Scenarios newly thawed bochurim might want to avoid

The Freezer has opened and, as the chilled bochurim begin to thaw, there are a lot of surprises waiting for them. We asked for your input on scenarios they might want to avoid, and you came through. Now let’s get some shidduchim going!

 

This Time Will Be Different

Be careful with the humor. Never assume that the girl knows Journeys the way you do, and be extra cautious when you’re up against a female Sherlock Holmes. At all costs, avoid a scenario like this:

You: “So, does the sefer on the dashboard look real fine?”

Girl: “Huh?”

You: “I’m saying, the song, you know?”

Girl: “No, what song?”

You: Oh, whatever. Basically, a Journeys song where he says ‘a sefer on the dashboard that will look real fine.’ So I was just shtelling tzu.”

Girl: “Aha, I get it. Just curious, though, I see you got it from Judaica Plaza, and it still has a price tag on it.

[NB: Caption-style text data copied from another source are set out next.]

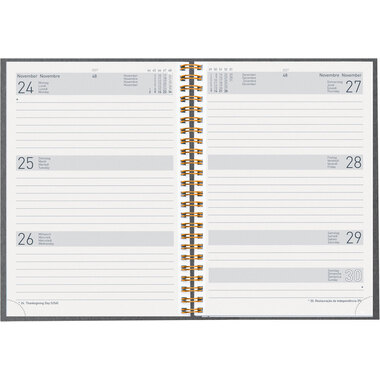 BIELLA Agenda Dispo Term 2027 808592270027U 1S/2P gris foncé 14.5x20.5cm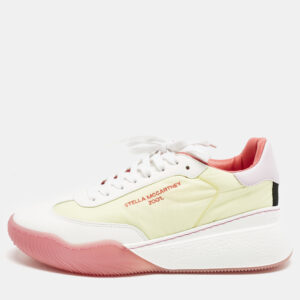 Stella McCartney Multicolor Faux Leather and Faux Suede Lace Up Sneakers Size 40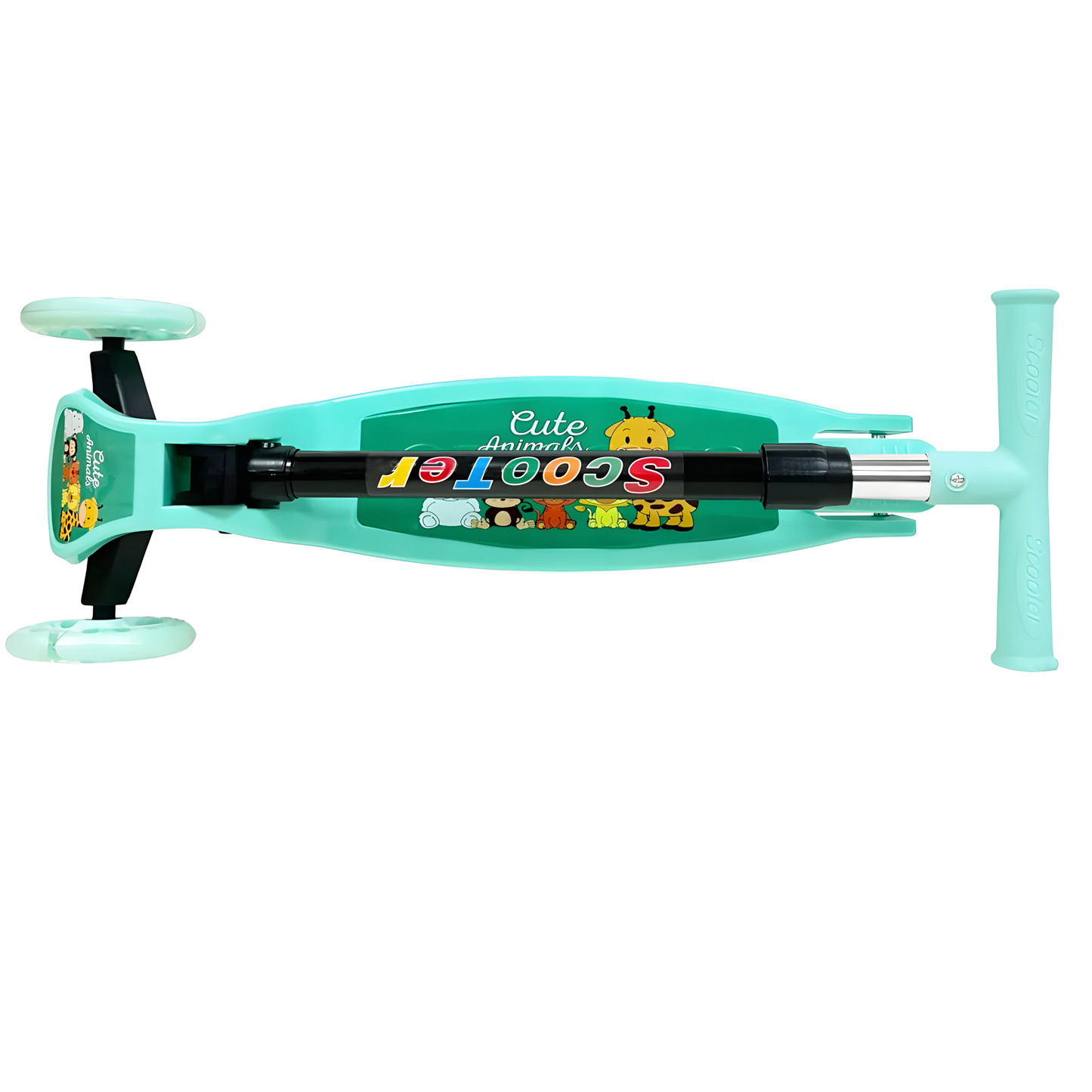 Scooter Monopatín Niños Regulable Luces LED Freno Verde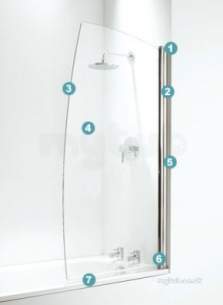 Coram Designer Bathscreens -  Coram Square Screen 800mm Chrome/plain Glass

But you’re not from Lakewood, right? Did you just buy it?”

You: Turning crimson. “Uh, yes.”

Girl: “Ah, so you bought it just to say that joke?

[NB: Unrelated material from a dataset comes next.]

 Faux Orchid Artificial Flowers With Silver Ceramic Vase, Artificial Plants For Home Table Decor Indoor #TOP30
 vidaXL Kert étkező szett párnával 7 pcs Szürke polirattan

You: Turning a deeper shade of scarlet and remaining silent. Time passes and there’s no talking. Finally…

Girl: “All right, all right. Sorry for being nasty. After all, didn’t the shadchan warn you that this time it would be different….”

Crossed Signals

The Mossad versus Iranian intelligence has got nothing on the level of sophistication of underground shidduch operatives.

“Psst,” comes a whisper from behind the bushes, “do you know Chaim Cohen? From New York, recently moved to Boca?”

“Sure,” you whisper back, while surreptitiously flicking on the auto-transmitter which leads directly to Chaim Cohen’s dirah. You wait to hear the secret code messaging in your hidden earpiece. Chaim wants to know what the father does for a living.

“What does her father do for a living?”

“Nursing home administrator.” You wait for the message to come. It takes a minute to decode. How many beds, he wants to know. And by any chance, does he own an equity share in the nursing home as well?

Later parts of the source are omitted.